WORK TO COMPLETE.
From the records below, extract all the text exactly and leave the images behind.

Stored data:
----------
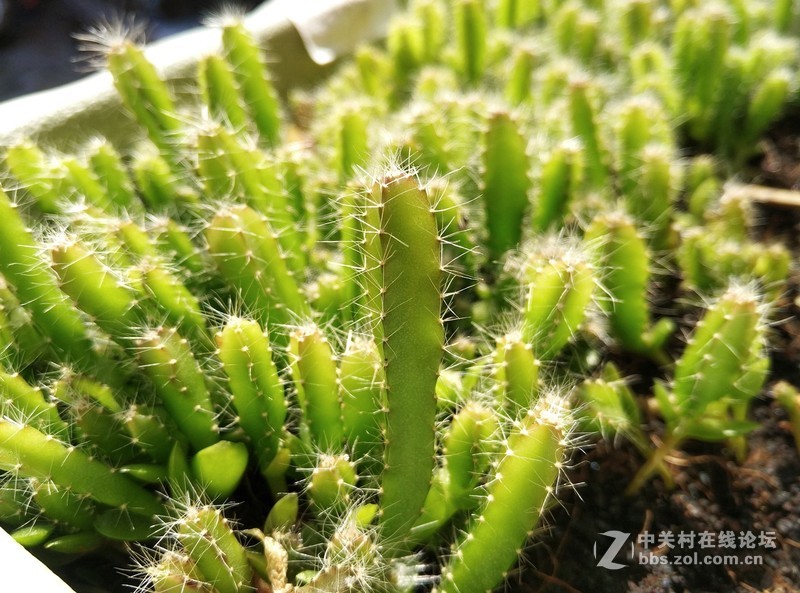 独具一格谦谦君子，360奇酷旗舰版30天深度体验！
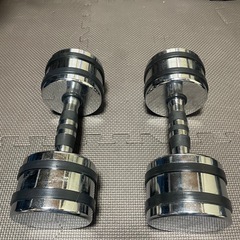 ファイティングロード　　クロームダンベル１０kgの画像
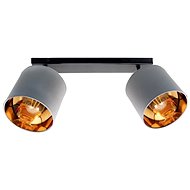 Spotlight SOFIA 2xE27/60W/230V Grey - Spot Lighting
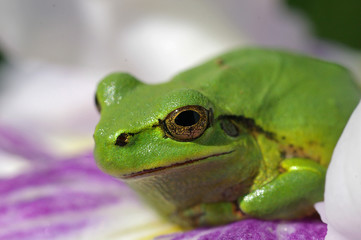 アマガエルと花菖蒲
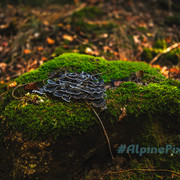 20231011-Alpine-Pixels-75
----------
THE COMPLETED TASK.
 独具一格谦谦君子，360奇酷旗舰版30天深度体验！
 ファイティングロード　　クロームダンベル１０kgの画像
 Spotlight SOFIA 2xE27/60W/230V Grey - Spot Lighting
 アマガエルと花菖蒲
 20231011-Alpine-Pixels-75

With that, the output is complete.